*About this exercise*.
Taking the listing below, restate word for word each line from the line with "The Overthinker Skeleton" to the line with "Indoor Playroom Racing", ends included, and stop there.

*Provided data*.
◇ ◇ ◇ ◇ ◇

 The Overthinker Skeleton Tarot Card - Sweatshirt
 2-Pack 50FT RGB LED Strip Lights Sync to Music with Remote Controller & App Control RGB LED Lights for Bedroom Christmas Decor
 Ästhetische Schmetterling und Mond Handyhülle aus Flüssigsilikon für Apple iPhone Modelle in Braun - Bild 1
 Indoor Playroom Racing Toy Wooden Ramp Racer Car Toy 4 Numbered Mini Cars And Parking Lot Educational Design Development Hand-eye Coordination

◇ ◇ ◇ ◇ ◇

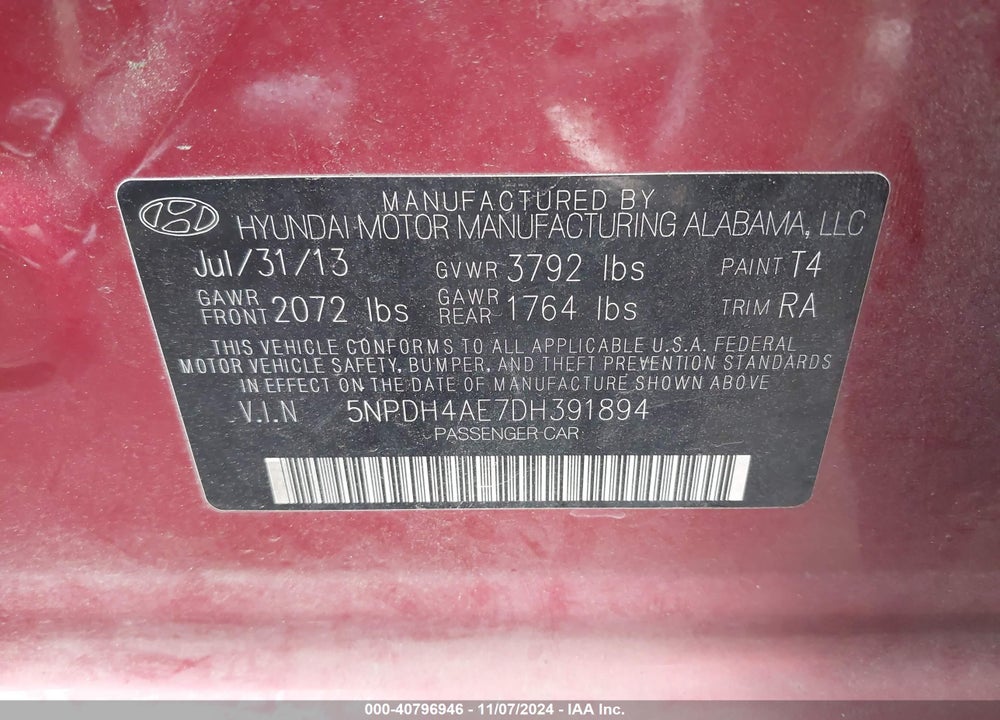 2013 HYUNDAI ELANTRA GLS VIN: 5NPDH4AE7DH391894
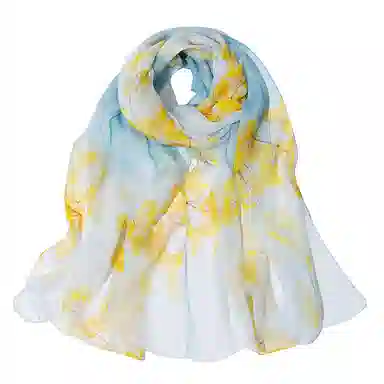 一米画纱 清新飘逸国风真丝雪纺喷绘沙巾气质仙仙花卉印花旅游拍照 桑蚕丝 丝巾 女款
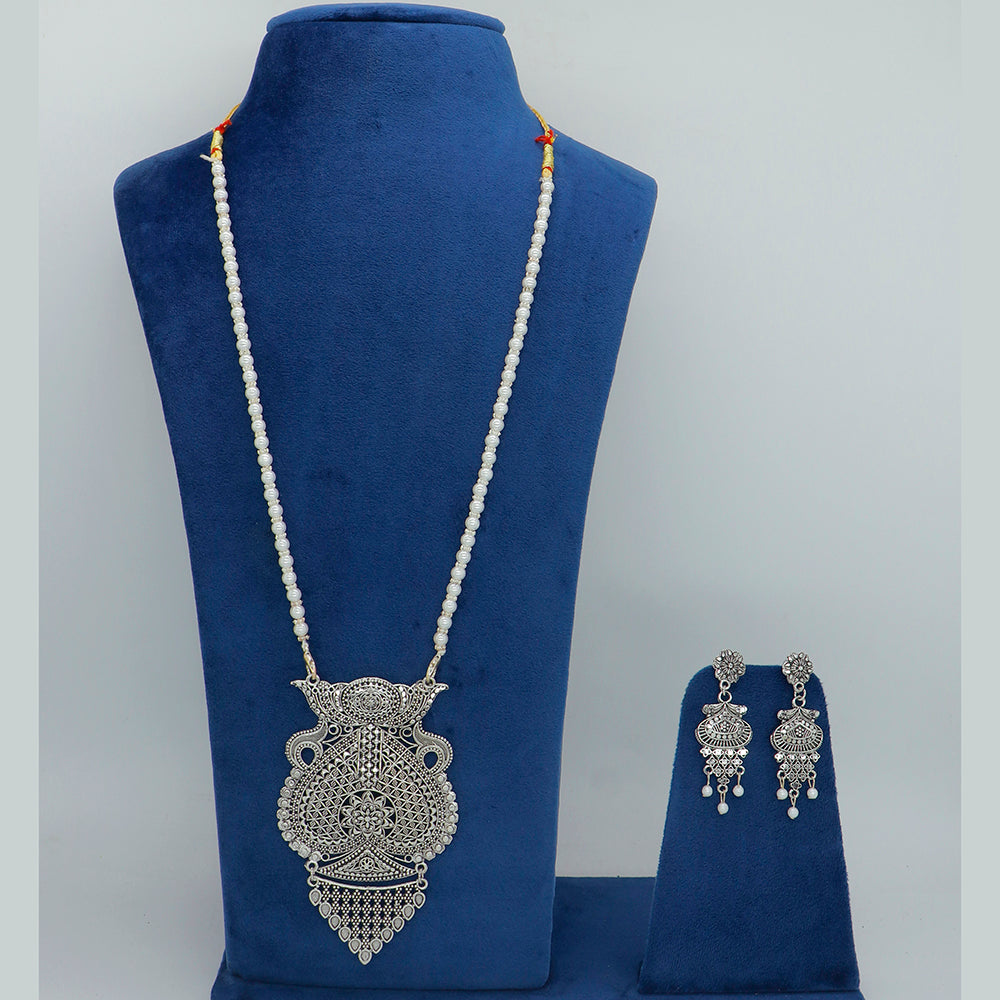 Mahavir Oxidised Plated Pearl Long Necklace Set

◇ ◇ ◇ ◇ ◇

*Final answer*.
 The Overthinker Skeleton Tarot Card - Sweatshirt
 2-Pack 50FT RGB LED Strip Lights Sync to Music with Remote Controller & App Control RGB LED Lights for Bedroom Christmas Decor
 Ästhetische Schmetterling und Mond Handyhülle aus Flüssigsilikon für Apple iPhone Modelle in Braun - Bild 1
 Indoor Playroom Racing Toy Wooden Ramp Racer Car Toy 4 Numbered Mini Cars And Parking Lot Educational Design Development Hand-eye Coordination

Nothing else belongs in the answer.